Nach 25 km erreichte ich Kematen, und es ging zunächst für 12 km flach in einer schön homogenen Gruppe in Richtung Innsbruck. Ab hier folgte die lange, stetig ansteigende Fahrt zum Brenner. Auch hier hieß es im Vorfeld, nicht überpacen und notfalls Gruppen ziehen lassen. Die nächste Gruppe kommt bestimmt. So war es auch. Ich hatte nicht mehr genügend Trinken und merkte, das wird nicht nur nicht knapp, sondern eigentlich nie und nimmer reichen bis zur nächsten Labestation am Brenner. Aber im Race-Feeling habe ich nur daran gedacht, die jeweilige Gruppe wenigstens auf den flachen Passagen zu halten, was mir auch ganz gut gelang. An den Steigungen musste ich immer abreißen lassen und mein Tempo fahren. Eine echte Bergziege bin ich vielleicht doch nicht so…

Nach gut 2:30 Stunden ab dem Kühtai habe ich dann meine/unsere persönliche Verpflegungsstation von Speedville (www. speed-ville.de ) erreicht. (An der Stelle vielen Dank an Kenny und Laurin!!) 3 Flaschen voll aufgeladen, oben herum trockene Sachen angezogen, und dann ging es abwärts Richtung Jaufenpass.

Aber ich merkte schon, dass es verpflegungstechnisch nicht optimal gelaufen ist. Vom Kühtai bis zum Brenner mit nur einer kleinen Trinkflasche war definitiv zu wenig. Ein schwerer Fauxpas. Die Abfahrt vom Brenner war mit 17 km relativ kurz und schmerzlos. In Sterzing angekommen war es sonnig, und man kann sogar sagen leicht warm. Die Lebensgeister hat’s gefreut.

Daher vor dem Anstieg zum Jaufenpass wieder alle Klamotten runter und ab in den Anstieg. Die ersten 2 Kilometer lief es noch nach Plan, aber dann machten sich leider die ersten Krämpfe bemerkbar. Ich konnte meine Wattvorgaben nicht mehr halten und musste im unteren GA1 Bereich bleiben, um die Krämpfe möglichst im Griff behalten zu können. Dehnen auf dem Rad klappte nicht so richtig. Daher musste ich immer mal wieder kurz anhalten, die Beine richtig durchdehnen, und dann ging’s wieder langsam weiter. Betonung liegt auf langsam. Die Aussicht, sich so die nächsten 14 km bergauf zu quälen, hielt meinen Spaß und Euphorie in Grenzen. Aber ich habe es dann doch tatsächlich irgendwie geschafft, oben anzukommen.

 

Aber wie soll es jetzt weitergehen?
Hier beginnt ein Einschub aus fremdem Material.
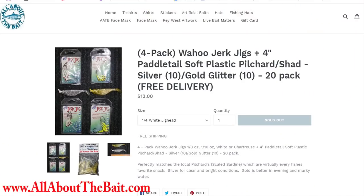For those that remember, in the beginning I actually sold these paddle tails with a little pack of jig heads — they were called Wahoo jerk jigs — and I was just getting them from my local Kmart. I'd buy every single one they had, package them with a 20-pack of paddle tails, and sell them like crazy, because one goes with the other. Unfortunately, the Wahoo company discontinued making them and I couldn't get them anymore.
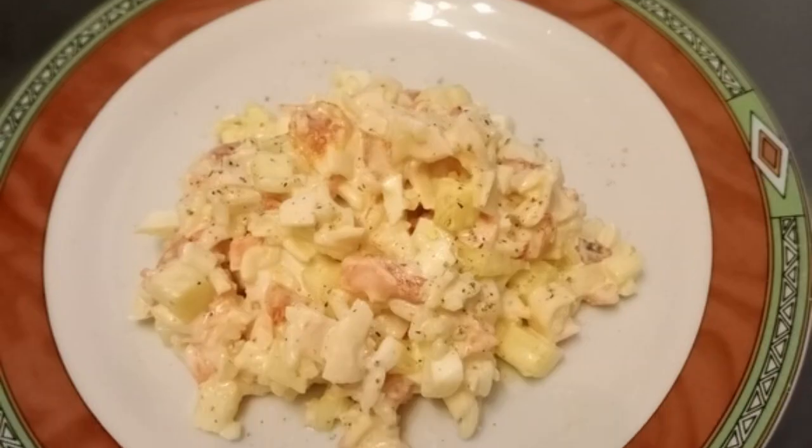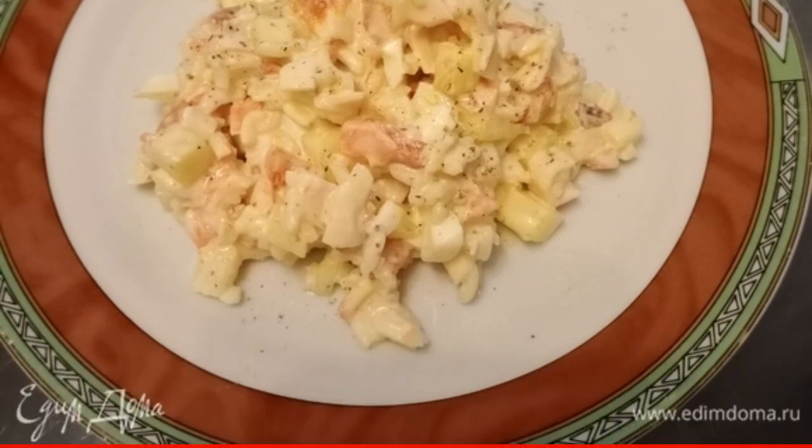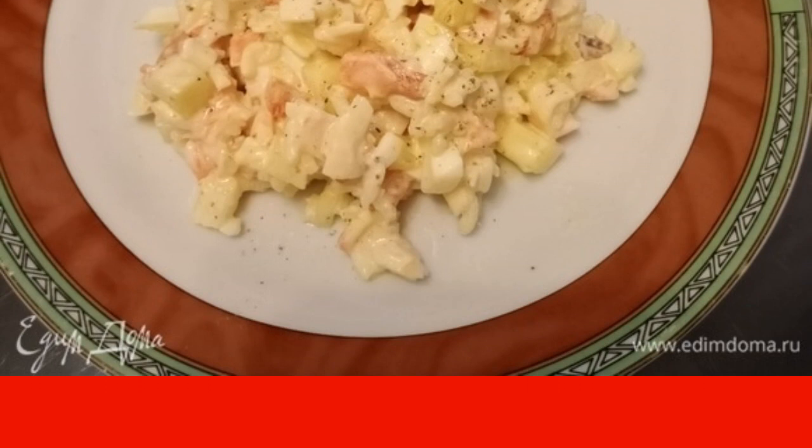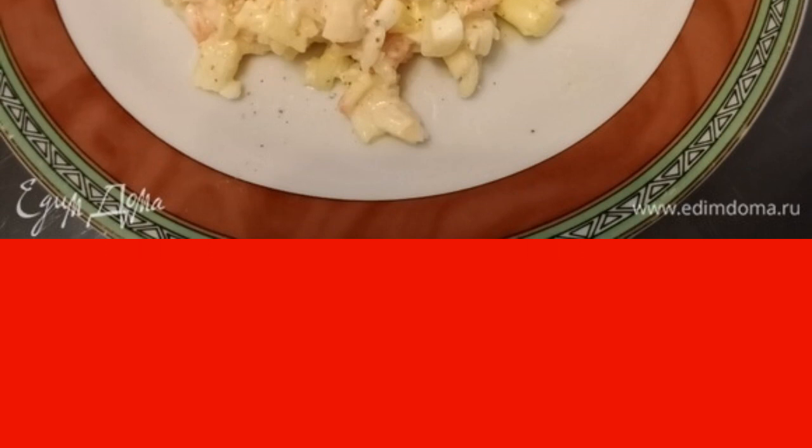I used baked pepper. The whole complexity of this recipe is in the baked Bulgarian pepper and boiled rice. Boil the rice to your liking — someone likes it al dente and someone likes it very well boiled.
Es steht eine längere Abfahrt an. Die sollte ja noch machbar sein. Aber dann stand der längste und vermeintlich schwierigste Anstieg zum Timmelsjoch an mit 28 km und 6,8%. Nur mit diesem Wissen hätte ich das Ganze wohl vorher abgebrochen. Aber mit meinem Wissen ging es dann so (habe ja meine Probefahrt gemacht). Ich wusste, dass das Timmelsjoch in insgesamt 2 Anstiege aufgeteilt ist. Die ersten 14 km bis Schönau, dann ca. 4 km flach(er), dann genau 8,7 km berghoch und die letzten 3 km flach(er). Von den ersten 14 Kilometern sind die ersten 4 wiederum recht flach. Einmal kurz Kopfrechnen angesagt (gar nicht so einfach bei der Belastung). Also für den ersten Teil habe ich ja „nur“ ca. 10 km Anstieg bis Schönau, wo auch eine Labestation auf mich wartet. Mental klingen erstmal „nur“ 10 km Anstieg deutlich angenehmer als 28 km…

Also los geht’s. Der flache Einstieg ging ohne Probleme, ab dem eigentlichen Anstieg und dem Versuch, meine Wattvorgabe zu halten, fingen dann wieder die Krämpfe an. Da ich ja jetzt wusste, es geht hier um keine Zeit mehr, sondern nur ums Ankommen, war meine Strategie wie am Jaufenpass. Im unteren GA1 Bereich kurbeln, bei Krämpfen kurz anhalten und dehnen. So habe ich Schönau auch irgendwann erreicht. Flaschen wieder aufgefüllt, etwas Kleines gegessen, nochmal die Arschbacken zusammengekniffen und dann ging es auf die mir bekannten letzten 12 Kilometer hoch zum Timmelsjoch. Und ich wusste ja, erst 2 km flach(er), dann 8.7 km bis zum Tunnel bergan mit im Schnitt 7%, und dann wäre es eigentlich geschafft. Genau diesen Teil bin ich ja die Tage zuvor bei schönstem Wetter abgefahren. Schien mir machbar…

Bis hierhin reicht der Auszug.